SAMBA und Let's Encrypt

florian2833z · 8. September 2018

Hallo,

Ich habe mir jetzt einen Server gekauft, um dort einen Samba-Dienst laufen zu lassen. Allerdings bekomme ich TLS nicht zum laufen. Meine Einstellungen in der smb.conf sehen so aus:

Code

tls enabled  = yes
tls keyfile  = /var/lib/samba/private/tls/privkey.pem
tls certfile = /var/lib/samba/private/tls/cert.pem
tls cafile   = /var/lib/samba/private/tls/fullchain.pem

Code

openssl s_client -showcerts -connect localhost:636

endet in:

Code

root@dc1:~# openssl s_client -showcerts -connect localhost:636140149054719232:error:0200206F:system library:connect:Connection refused:../crypto/bio/b_sock2.c:108:140149054719232:error:2008A067:BIO routines:BIO_connect:connect error:../crypto/bio/b_sock2.c:109:140149054719232:error:0200206F:system library:connect:Connection refused:../crypto/bio/b_sock2.c:108:140149054719232:error:2008A067:BIO routines:BIO_connect:connect error:../crypto/bio/b_sock2.c:109:connect:errno=111root@dc1:~#

Mit den Zertifikaten, die Samba selbst generiert hat, klappt alles ... Was mache ich falsch?
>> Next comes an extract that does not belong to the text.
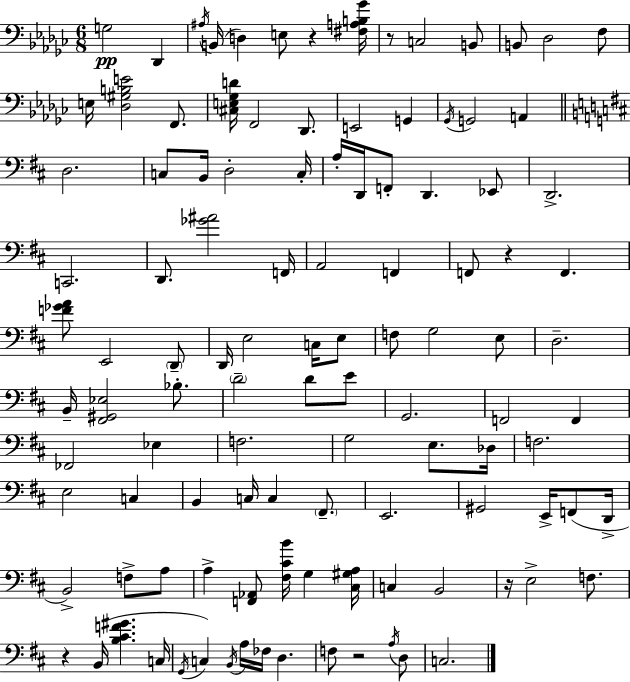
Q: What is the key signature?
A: EES minor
Das kann einen echt zum verzweifeln bringen ...

florian2833z · 8. September 2018

Mir zerschießts hier irgendwie immer die Zeilenumbrüche, also die Fehlermeldungen noch einmal:

Code

root@dc1:~# openssl s_client -showcerts -connect localhost:636
139732100379904:error:0200206F:system library:connect:Connection refused:../crypto/bio/b_sock2.c:108:
139732100379904:error:2008A067:BIO routines:BIO_connect:connect error:../crypto/bio/b_sock2.c:109:
139732100379904:error:0200206F:system library:connect:Connection refused:../crypto/bio/b_sock2.c:108:
139732100379904:error:2008A067:BIO routines:BIO_connect:connect error:../crypto/bio/b_sock2.c:109:
connect:errno=111
root@dc1:~#

H6G · 8. September 2018

Bist du dir sicher, dass er bei der Fullchain als CA nicht meckert?

Probiere mal die chain.pem oder das reine CA Zertifikat.

Horcht Samba auf dem Loopback-Interface?

florian2833z · 8. September 2018

So sieht's nun bei mir aus:

Code

tls enabled  = yes
        tls keyfile  = /etc/letsencrypt/live/ad.florian2833z.de/privkey.pem
        tls certfile = /etc/letsencrypt/live/ad.florian2833z.de/cert.pem
        tls cafile   = /etc/letsencrypt/live/ad.florian2833z.de/fullchain.pem

Die Dateien sind alle von Let's Encrypt und nicht verändert. Nach Änderung der Einstellung und Neustart des Dienstes kommt das hier raus:

Code

root@dc1:~# service samba-ad-dc restart
root@dc1:~# openssl s_client -showcerts -connect 188.68.35.39:636
140515364730112:error:0200206F:system library:connect:Connection refused:../crypto/bio/b_sock2.c:108:
140515364730112:error:2008A067:BIO routines:BIO_connect:connect error:../crypto/bio/b_sock2.c:109:
connect:errno=111
root@dc1:~#

Ich verstehe nur nicht, was an den Zertifikaten nicht stimmen soll ...

Edit: Sau komisch, in Chrome zerschießts mir keine Zeilenumbrüche, nur in Firefox ...

florian2833z · 8. September 2018

Es lag daran, dass die Dateiberechtigungen der Zertifikate nicht 0600 waren.